**Required work**. Among the entries below, one stretch runs from the line that contains "Vehicle Blower, 88550B2080, 12V, DAIHATSU, VII" through the line that contains "Метадон VHQ Холмск". Repeat that stretch exactly, ends included, and only that.

-- Data under study follows --

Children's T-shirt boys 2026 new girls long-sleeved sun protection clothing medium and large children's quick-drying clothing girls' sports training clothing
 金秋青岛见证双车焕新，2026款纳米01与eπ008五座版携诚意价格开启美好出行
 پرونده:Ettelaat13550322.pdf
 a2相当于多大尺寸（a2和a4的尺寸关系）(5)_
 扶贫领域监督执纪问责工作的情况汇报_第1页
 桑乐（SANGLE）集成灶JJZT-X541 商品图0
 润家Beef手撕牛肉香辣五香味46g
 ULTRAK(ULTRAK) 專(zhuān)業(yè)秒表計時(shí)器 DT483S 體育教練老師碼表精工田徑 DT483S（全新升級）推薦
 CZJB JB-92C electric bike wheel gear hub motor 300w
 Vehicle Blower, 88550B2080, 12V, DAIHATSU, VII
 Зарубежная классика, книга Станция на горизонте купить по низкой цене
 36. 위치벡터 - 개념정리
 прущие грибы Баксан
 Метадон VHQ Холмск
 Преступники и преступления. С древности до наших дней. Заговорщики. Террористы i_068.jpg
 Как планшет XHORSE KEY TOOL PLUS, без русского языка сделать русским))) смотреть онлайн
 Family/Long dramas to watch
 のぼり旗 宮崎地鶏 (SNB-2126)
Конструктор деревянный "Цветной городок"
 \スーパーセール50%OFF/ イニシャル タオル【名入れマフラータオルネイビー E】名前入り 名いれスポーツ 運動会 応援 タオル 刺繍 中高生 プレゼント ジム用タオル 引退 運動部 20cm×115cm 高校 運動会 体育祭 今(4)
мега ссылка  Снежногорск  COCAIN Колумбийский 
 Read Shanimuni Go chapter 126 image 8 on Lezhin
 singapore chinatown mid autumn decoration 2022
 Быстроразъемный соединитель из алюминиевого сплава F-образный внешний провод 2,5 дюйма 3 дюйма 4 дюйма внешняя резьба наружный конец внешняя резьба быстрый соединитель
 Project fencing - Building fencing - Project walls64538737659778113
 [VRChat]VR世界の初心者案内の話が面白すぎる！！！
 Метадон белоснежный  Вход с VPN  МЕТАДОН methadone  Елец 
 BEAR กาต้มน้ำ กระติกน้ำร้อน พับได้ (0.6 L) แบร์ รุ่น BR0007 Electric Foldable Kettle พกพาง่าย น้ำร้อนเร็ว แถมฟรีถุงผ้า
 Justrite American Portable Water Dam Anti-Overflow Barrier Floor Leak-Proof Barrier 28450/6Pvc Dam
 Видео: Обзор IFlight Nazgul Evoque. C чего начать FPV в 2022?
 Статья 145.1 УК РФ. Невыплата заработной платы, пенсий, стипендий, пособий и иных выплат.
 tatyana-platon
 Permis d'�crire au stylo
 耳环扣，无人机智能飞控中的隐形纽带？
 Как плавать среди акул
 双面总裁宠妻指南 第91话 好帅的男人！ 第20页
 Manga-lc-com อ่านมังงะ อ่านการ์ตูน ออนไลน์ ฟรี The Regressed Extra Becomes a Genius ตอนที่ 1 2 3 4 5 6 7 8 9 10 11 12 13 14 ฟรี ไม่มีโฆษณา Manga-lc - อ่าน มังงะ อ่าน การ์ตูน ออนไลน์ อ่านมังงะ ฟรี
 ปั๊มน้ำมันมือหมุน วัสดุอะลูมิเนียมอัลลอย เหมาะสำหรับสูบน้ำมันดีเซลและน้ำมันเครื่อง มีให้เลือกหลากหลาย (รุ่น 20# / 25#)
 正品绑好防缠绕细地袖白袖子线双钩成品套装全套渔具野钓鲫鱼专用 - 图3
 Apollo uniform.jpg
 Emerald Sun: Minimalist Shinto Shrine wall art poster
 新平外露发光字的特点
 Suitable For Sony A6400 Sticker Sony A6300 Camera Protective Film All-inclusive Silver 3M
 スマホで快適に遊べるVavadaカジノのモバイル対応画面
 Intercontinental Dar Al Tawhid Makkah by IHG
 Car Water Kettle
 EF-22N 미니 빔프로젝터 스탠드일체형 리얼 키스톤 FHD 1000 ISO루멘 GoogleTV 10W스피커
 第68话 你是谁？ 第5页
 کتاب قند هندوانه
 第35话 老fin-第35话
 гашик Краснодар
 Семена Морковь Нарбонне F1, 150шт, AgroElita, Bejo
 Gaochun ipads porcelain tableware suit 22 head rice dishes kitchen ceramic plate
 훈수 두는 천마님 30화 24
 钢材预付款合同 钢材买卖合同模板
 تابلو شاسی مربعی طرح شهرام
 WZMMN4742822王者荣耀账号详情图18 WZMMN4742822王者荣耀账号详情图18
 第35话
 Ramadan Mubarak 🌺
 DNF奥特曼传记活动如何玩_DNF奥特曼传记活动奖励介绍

-- Data under study concluded --

**Exercise response**.
 Vehicle Blower, 88550B2080, 12V, DAIHATSU, VII
 Зарубежная классика, книга Станция на горизонте купить по низкой цене
 36. 위치벡터 - 개념정리
 прущие грибы Баксан
 Метадон VHQ Холмск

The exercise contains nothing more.